Je n'ai pas été plus loin dans mes calculs pour la présente année. Je ne prétends pas que soient là tous les grands événements qui surviendront dans cette période ; mais que tous ceux que j'ai indiqués arriveront infailliblement. On insistera peut-être sur ce que je n'ai pas parlé plus en détail des affaires de l'intérieur, ou du succès de nos armées au-dehors, ce qu'il m'eût été permis et possible de faire très amplement ; mais ceux qui sont au pouvoir ont sagement découragé les gens de s'immiscer dans les intérêts publics, et j'étais résolu à ne donner aucun sujet d'offense. Tout ce que je me hasarderai à dire, c'est que ce sera une glorieuse campagne pour les alliés, où les forces anglaises, tant sur mer que sur terre, auront leur pleine part d'honneur ; que Sa Majesté la reine Anne continuera d'être en santé et prospérité, et qu'il n'arrivera de fâcheux accident à aucune personne du principal ministère.

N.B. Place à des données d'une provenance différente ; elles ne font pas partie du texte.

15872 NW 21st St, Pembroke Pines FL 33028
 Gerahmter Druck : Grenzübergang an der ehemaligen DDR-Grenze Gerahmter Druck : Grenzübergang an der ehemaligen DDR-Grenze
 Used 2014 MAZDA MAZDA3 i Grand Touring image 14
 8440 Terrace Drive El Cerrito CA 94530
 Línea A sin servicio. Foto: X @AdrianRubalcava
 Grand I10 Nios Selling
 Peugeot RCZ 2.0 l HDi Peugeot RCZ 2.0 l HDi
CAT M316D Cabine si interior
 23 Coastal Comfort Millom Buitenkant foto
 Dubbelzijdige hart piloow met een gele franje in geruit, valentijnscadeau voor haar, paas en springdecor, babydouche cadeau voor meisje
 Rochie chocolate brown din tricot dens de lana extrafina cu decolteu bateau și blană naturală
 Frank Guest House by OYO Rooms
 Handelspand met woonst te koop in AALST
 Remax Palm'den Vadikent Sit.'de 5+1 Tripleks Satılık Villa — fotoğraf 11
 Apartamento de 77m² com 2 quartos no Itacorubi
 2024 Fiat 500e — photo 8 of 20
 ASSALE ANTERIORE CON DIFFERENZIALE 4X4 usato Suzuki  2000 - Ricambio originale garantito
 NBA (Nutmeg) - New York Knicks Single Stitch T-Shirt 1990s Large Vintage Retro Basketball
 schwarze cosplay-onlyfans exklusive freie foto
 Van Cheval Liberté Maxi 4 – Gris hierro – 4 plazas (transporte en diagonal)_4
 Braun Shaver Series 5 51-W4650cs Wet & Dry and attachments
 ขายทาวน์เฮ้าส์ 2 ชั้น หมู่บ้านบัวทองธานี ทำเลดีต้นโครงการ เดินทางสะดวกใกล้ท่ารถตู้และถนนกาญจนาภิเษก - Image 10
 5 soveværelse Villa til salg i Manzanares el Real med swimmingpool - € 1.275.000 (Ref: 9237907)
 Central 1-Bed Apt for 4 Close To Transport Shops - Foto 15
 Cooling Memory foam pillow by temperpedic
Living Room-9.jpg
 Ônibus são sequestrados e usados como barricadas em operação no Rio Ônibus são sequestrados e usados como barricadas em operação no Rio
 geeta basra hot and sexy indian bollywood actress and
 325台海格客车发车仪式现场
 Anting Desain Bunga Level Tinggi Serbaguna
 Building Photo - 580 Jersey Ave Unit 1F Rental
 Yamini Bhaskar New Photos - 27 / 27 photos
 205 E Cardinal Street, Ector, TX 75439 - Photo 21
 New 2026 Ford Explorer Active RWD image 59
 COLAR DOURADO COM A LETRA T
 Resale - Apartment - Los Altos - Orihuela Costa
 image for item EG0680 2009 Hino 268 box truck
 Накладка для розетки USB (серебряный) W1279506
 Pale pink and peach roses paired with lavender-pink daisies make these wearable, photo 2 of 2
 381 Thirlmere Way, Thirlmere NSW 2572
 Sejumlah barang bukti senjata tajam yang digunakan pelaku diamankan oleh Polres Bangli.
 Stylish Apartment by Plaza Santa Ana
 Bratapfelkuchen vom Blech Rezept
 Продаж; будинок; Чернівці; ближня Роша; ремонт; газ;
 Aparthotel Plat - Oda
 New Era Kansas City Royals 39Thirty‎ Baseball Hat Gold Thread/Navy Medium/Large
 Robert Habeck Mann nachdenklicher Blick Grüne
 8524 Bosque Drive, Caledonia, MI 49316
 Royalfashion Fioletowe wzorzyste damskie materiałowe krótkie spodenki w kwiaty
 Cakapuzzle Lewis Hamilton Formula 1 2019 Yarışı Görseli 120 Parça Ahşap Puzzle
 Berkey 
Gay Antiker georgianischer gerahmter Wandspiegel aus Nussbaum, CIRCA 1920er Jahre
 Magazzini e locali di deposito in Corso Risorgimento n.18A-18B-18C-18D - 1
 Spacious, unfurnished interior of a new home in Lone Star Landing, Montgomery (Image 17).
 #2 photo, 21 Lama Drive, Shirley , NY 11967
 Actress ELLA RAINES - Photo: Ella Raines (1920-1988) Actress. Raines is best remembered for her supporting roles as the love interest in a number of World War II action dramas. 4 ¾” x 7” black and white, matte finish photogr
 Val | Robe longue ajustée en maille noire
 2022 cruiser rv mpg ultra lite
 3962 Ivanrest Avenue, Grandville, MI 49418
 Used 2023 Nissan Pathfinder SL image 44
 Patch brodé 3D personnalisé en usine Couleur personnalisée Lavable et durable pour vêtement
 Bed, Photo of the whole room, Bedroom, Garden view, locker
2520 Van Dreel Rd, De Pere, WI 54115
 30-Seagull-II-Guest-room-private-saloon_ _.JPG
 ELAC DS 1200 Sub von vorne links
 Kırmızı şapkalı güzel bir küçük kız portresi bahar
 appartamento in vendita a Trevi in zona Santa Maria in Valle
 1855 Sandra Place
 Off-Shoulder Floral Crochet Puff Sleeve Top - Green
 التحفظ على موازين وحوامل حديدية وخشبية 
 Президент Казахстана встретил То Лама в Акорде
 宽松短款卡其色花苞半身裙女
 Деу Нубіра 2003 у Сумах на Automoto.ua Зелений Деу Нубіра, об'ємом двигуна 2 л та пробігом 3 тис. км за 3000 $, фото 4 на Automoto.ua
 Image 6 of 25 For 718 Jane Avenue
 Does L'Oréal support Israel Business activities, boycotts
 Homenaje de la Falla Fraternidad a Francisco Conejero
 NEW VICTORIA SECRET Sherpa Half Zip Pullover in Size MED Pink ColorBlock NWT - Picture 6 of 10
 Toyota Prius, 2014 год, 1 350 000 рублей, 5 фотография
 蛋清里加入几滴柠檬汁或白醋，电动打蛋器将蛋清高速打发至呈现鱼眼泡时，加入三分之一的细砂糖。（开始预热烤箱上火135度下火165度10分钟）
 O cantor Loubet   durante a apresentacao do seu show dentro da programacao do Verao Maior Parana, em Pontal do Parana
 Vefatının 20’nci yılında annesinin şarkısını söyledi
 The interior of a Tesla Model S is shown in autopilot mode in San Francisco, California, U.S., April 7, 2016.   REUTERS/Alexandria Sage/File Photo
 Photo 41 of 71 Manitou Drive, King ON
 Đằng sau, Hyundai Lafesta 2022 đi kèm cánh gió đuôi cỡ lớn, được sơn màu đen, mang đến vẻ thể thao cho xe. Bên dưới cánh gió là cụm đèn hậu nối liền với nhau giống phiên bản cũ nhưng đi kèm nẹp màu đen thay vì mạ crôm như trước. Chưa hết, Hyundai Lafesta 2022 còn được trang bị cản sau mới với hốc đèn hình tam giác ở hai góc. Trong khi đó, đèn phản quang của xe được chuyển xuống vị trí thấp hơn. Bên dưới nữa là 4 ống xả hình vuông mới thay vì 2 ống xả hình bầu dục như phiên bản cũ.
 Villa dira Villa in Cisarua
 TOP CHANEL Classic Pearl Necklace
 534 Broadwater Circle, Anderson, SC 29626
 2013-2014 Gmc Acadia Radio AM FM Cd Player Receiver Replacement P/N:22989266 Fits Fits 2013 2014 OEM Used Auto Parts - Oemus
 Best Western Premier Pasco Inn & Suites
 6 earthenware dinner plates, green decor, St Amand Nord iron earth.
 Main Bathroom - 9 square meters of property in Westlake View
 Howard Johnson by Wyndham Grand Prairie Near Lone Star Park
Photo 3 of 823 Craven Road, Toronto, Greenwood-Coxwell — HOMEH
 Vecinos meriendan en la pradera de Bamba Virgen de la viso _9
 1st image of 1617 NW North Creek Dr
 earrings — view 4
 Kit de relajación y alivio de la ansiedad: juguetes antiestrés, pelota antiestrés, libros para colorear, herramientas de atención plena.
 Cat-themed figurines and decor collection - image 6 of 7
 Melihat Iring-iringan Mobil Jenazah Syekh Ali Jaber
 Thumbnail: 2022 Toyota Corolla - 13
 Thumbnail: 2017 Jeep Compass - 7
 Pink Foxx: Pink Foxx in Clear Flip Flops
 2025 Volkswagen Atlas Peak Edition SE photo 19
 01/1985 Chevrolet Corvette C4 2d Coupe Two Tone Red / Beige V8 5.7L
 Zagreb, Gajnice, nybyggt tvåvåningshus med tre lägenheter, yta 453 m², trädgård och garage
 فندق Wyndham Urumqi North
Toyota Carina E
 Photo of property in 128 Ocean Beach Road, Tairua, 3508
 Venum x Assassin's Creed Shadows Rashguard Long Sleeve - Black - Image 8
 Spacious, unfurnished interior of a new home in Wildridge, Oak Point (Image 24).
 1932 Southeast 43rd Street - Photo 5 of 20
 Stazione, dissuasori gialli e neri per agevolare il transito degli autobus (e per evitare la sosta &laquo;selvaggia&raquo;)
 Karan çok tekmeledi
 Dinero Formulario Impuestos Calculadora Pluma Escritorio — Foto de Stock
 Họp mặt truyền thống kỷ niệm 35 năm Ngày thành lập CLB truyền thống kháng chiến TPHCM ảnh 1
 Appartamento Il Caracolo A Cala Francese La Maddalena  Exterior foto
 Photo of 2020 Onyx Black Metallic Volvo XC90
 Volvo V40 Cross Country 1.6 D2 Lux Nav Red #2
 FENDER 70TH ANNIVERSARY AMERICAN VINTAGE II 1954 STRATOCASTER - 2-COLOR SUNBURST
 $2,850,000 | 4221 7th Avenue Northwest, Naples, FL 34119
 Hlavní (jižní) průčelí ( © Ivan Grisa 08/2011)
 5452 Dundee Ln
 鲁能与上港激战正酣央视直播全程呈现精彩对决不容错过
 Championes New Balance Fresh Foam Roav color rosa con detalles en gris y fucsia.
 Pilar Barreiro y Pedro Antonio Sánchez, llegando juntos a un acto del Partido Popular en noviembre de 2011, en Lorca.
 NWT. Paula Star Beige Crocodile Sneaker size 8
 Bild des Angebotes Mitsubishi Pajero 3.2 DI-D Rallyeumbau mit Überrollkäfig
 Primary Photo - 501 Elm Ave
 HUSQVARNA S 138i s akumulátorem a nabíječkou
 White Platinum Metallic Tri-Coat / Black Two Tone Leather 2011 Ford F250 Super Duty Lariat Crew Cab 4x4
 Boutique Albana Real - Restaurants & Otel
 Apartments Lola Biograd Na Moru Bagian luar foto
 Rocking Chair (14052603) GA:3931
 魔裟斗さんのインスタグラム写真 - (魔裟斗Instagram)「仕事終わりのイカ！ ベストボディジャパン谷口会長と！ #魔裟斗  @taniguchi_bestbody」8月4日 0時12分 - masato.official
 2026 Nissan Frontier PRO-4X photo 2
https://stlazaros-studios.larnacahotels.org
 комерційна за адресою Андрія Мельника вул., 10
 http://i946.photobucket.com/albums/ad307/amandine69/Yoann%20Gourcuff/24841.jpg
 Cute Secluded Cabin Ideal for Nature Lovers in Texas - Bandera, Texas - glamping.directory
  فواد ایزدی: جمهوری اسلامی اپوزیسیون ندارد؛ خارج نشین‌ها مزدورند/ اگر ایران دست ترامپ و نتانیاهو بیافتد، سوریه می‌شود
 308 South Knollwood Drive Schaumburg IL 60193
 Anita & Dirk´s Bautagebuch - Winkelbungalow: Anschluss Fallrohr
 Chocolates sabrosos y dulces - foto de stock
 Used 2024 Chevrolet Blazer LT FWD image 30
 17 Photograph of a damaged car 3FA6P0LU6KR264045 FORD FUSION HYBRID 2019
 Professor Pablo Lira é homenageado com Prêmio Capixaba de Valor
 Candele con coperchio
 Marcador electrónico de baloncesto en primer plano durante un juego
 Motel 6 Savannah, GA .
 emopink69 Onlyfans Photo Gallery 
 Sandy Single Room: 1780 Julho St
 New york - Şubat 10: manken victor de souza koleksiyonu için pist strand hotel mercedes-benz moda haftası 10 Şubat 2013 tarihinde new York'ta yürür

Quant aux événements particuliers dont j'ai fait mention, le lecteur pourra juger, par leur accomplissement, si je vais de pair avec les astrologues du commun, que, dans mon opinion, on a trop longtemps laissés abuser le monde avec leur pitoyable vieil argot et leur barbouillage astronomique pour amuser le vulgaire ; mais un honnête médecin ne doit pas être méprisé parce qu'il existe des charlatans. Je me flatte d'avoir quelque réputation que je ne voudrais pas perdre pour un badinage ou une fantaisie, et je crois que quiconque lira ce papier ne le regardera pas comme du même genre et de la même trempe que les griffonnages vulgaires que l'on crie chaque jour dans les rues. Ma fortune me dispense d'écrire pour quelques sous, dont je ne fais point cas et dont je n'ai pas besoin : que les hommes sensés ne se hâtent donc pas trop de condamner cet essai, écrit à bonne intention, afin de cultiver et d'améliorer un art ancien, depuis longtemps en disgrâce pour être tombé en des mains méprisables et inhabiles. Il faudra peu de temps pour constater si j'ai trompé les autres, ou me suis trompé moi-même, et je ne crois pas déraisonnable de demander qu'on veuille bien jusque-là suspendre son jugement. J'ai été de l'avis de ceux qui méprisent les pronostics tirés des astres, jusqu'à ce que, dans l'année 1686, un homme de qualité m'ait montré dans son album, que le plus savant astronome, le capitaine Halley, lui avait assuré qu'il ne croirait jamais à l'influence des astres s'il n'y avait pas une grande révolution en Angleterre dans l'année 1686. Depuis lors, j'ai commencé à penser différemment, et après dix-huit ans d'étude et d'application soutenue, je crois n'avoir pas sujet de regretter ma peine. Je ne retiendrai pas plus longtemps le lecteur, si ce n'est pour lui faire savoir que le compte que j'ai l'intention de lui rendre des événements de l'année prochaine roulera sur les principales affaires qui auront lieu en Europe ; et si je n'ai pas la liberté de l'offrir à mon propre pays, j'en appellerai au monde savant, en le publiant en latin, et en le faisant imprimer en Hollande.